Univ. Prof. Dr. Steffen Hering
University of Vienna
Two and three-dimensional models of human pluripotent stem cell derived cardiomyocytes for drug discovery
Human pluripotent stem cell derived cardiomyocytes (hPSC-CMs) serve as in vitro models of human cardiovascular diseases, drug development and for drug safety testing (Saxena et al. 2017, Blinova et al. 2018). Major advantages of hPSC cardiac derivatives over animal models include their human origin, the virtually unlimited supply of cells from different human genetic backgrounds, and the potential to reduce the number of laboratory animals and testing. In order to reach their full potential for routine applications in drug development hPSC-CMs need, however, further refinement. In particular, commonly used irregularly growing monolayer cultures represent native cardiac tissues only rudimentary and recordings of membrane potentials with (commonly used) extracellular electrodes do not provide absolute values of resting and action potentials. Furthermore, contractions of mature (tissue-like) myocardial preparations may lead to movement artefacts and cell detachment during long term culturing.

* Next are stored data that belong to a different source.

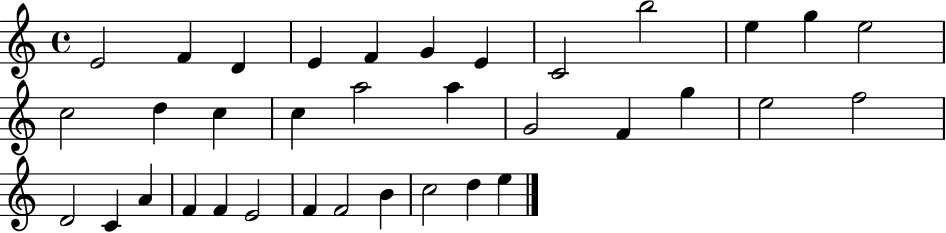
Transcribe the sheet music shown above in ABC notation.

X:1
T:Untitled
M:4/4
L:1/4
K:C
E2 F D E F G E C2 b2 e g e2 c2 d c c a2 a G2 F g e2 f2 D2 C A F F E2 F F2 B c2 d e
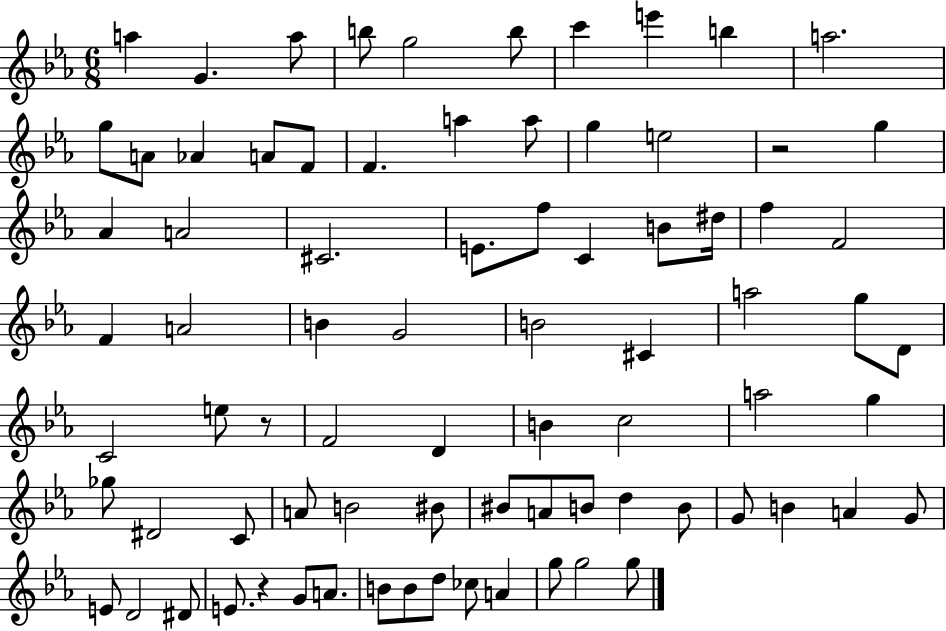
A5/q G4/q. A5/e B5/e G5/h B5/e C6/q E6/q B5/q A5/h. G5/e A4/e Ab4/q A4/e F4/e F4/q. A5/q A5/e G5/q E5/h R/h G5/q Ab4/q A4/h C#4/h. E4/e. F5/e C4/q B4/e D#5/s F5/q F4/h F4/q A4/h B4/q G4/h B4/h C#4/q A5/h G5/e D4/e C4/h E5/e R/e F4/h D4/q B4/q C5/h A5/h G5/q Gb5/e D#4/h C4/e A4/e B4/h BIS4/e BIS4/e A4/e B4/e D5/q B4/e G4/e B4/q A4/q G4/e E4/e D4/h D#4/e E4/e. R/q G4/e A4/e. B4/e B4/e D5/e CES5/e A4/q G5/e G5/h G5/e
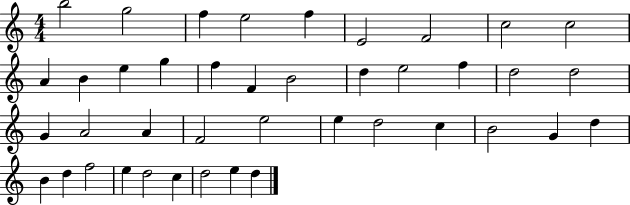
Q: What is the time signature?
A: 4/4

This project aims to overcome these limitations by developing two and three dimensional hPSC-CMs cultures such as fiber-like structures and spheroids making use of nanostructured surfaces. The project will be carried out in close collaboration with stem cell biologists at IMBA. Maturation and differentiation of the cell models will be analyzed with state-of-the-art electrophysiological methods. We will focus on characterization of the principle inward currents through Nav and Cav and potassium outward currents (e.g. through HERG [Kv11.1] channels). Novel hPSC-CMs models combined with advanced cell array technology are expected to increase the efficiency of drug development and safety pharmacology.
Saxena P, Hortigon-Vinagre MP, Beyl S, Baburin I, Andranovits S, Iqbal SM, Costa A, IJzerman AP, Kügler P, Timin E, Smith GL, Hering S. Correlation between human ether-a-go-go-related gene channel inhibition and action potential prolongation. Br J Pharmacol. 2017 Sep;174(18):3081-3093.
Blinova K, Dang Q, Millard D, Smith G, Pierson J, Guo L, Brock M, Lu HR, Kraushaar U, Zeng H, Shi H, Zhang X, Sawada K, Osada T, Kanda Y, Sekino Y, Pang L, Feaster TK, Kettenhofen R, Stockbridge N, Strauss DG, Gintant G. International Multisite Study of Human-induced Pluripotent Stem Cell-Derived cardiomyocytes for Drug Proarrhythmic Potential Assessment. Cell Rep. 2018 Sep 25;24(13):3582-3592.